Admittedly, I listen to Is This It with a different pair of ears nowadays. I don’t find it as relentlessly exciting as I once did, though it’s still as listenable as ever. I’m not sure that will ever change. The likes of “Soma” and “Barely Legal” aren’t quite as strong as other tracks here, but they still supply an astounding level of memorable hooks to keep listeners engaged. Since its release, there’s been a running joke regarding the similarity of the songs on Is This It: if you like one song, you’ll like them all. It’s absolutely true though. The album rarely ventures away from the formula, and with such a compact running time, it doesn’t need to either.
Whilst I consider Is This It to be a triumph, I don’t think it’s perfect. Despite featuring a brilliant pre-chorus, I’ve always found “New York City Cops” to be a minor annoyance, perhaps due to the sluggish vocal melody on the chorus itself. That’s where my criticism ends, however. “Someday” and “Last Nite” will forever be indie anthems, whilst “Trying Your Luck” and “Take It Or Leave It” remain two of my favourite rock tracks ever. When The Strokes get it right – as they do so often here – it just sounds so effortlessly good.
Very occasionally you listen to a band and wonder how they ended up with each other. How did they get it right the first time round? As far as debut rock records go, there are barely any as well-conceived and refined as Is This It. It’s not arty, it’s not crushingly heavy, and it certainly didn’t reinvent the wheel. It’s just five young lads writing witty and irresistibly catchy tunes. And thus, they became musical heroes. Magnificent.
9 out of 10
A fair bit of stuff from our youth isn’t nearly as cool as we found it at the time, so it can sometimes feel risky to revisit. I needn’t have worried on this one. Is This It is the James Dean of indie rock. Cigarette perched on lower lip, bloodshot eyes squinting into the middle distance, the album remains the genre’s poster boy - the impossibly cool standard by which all pretenders must be measured and found wanting.
Twenty years on the record still has a swaggering zest to it.
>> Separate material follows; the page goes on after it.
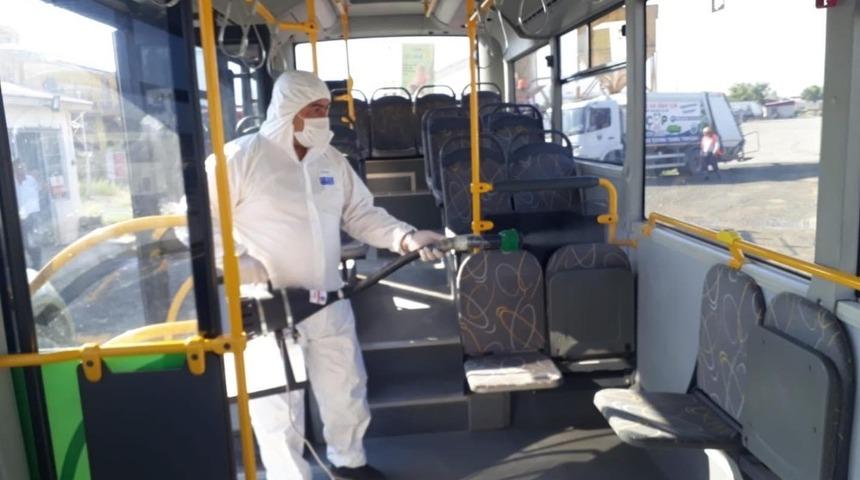 Iğdır&rsquo;da halka otob&uuml;sleri dezenfekte edildi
What goes on feels almost punk-like in its self-assurance and lack of pretension. Julian Casablancas drawls along like a sloshed downtown Socrates, with riffs fizzing like firecrackers and the rhythm section keeping to the ramped-up tempo of the city. It has the sleaze of a Tom Waits, the pep of Arctic Monkeys, and it all sounds like a million bucks blown over a weekend. Only it wasn’t blown at all. The record is much more controlled than that. The band knew what it wanted to achieve and executed with aplomb.
Is the album a classic with a capital C? I’m not sure, though if not it’s certainly a classic of its kind. A lot of music from the years that followed wished it sounded like Is This It, but none of it really came close. There could only be one. Even if a few tracks (“New York City Cops”, for example) slip into the overly frayed feel of later records, overall it’s a grand young time. It’s been lovely to come back to.
8 out of 10
Is This It has all the hallmarks of a debut done right. Hovering around the half-hour mark, it leaves itself no time to stew, instead fizzing along with peppy drums, solid basslines, and striking riffs that stick with you long after the tracklist has closed.
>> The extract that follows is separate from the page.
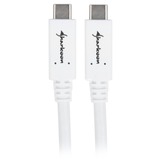 Sharkoon USB 3.2 Gen 2 kabel, USB-C stik > USB-C stik Hvid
“Last Nite” and “Someday” continue to be classic indie tracks to this day, and Julian Casablancas’ knack for writing and delivering satisfying, hooky vocals play a large part in their longevity. “The Modern Age” stands out as a track that could’ve been released at any point in the ’00s and still felt fresh, as contemporaries cribbed from the band’s playbook long after this debut release.
When we reviewed First Impressions of Earth, I pointed to inconsistency and length as weak spots in its tracklist. Is This It is almost the polar opposite; short and snappy, it doesn’t hang around, it doesn’t try to dig deep. To pick this tracklist apart is virtually impossible due to its homogeneity. It’s an album that’s greater than the sum of its parts and returning to it as a whole has been a joy, but I’m certainly glad they explored their sound in the albums that followed.